▶ Exercise requirements
Find the line containing "Social distancing. Space" in the records below. Copy exactly that line and each one after it, ending at the line containing "Mouth Spray for", and nothing more.

▶ Excerpted data
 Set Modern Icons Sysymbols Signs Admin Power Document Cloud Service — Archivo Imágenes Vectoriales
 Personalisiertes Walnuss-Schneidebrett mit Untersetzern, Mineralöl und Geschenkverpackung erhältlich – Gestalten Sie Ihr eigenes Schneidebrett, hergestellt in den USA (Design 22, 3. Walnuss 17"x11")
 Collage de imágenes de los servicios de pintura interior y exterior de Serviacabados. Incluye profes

* * *

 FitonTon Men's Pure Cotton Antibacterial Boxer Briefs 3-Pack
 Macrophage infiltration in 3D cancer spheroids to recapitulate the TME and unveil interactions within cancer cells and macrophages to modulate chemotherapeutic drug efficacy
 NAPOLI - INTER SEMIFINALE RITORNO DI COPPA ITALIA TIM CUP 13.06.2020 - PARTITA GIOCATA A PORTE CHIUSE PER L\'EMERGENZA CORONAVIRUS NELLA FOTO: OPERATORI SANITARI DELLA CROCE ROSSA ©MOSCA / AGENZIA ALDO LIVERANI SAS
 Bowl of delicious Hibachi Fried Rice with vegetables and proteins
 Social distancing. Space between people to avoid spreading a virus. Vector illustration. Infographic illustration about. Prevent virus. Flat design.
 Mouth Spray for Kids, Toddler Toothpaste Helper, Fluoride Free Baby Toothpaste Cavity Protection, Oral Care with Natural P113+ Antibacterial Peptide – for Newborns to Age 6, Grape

▶ Response to the exercise
 Social distancing. Space between people to avoid spreading a virus. Vector illustration. Infographic illustration about. Prevent virus. Flat design.
 Mouth Spray for Kids, Toddler Toothpaste Helper, Fluoride Free Baby Toothpaste Cavity Protection, Oral Care with Natural P113+ Antibacterial Peptide – for Newborns to Age 6, Grape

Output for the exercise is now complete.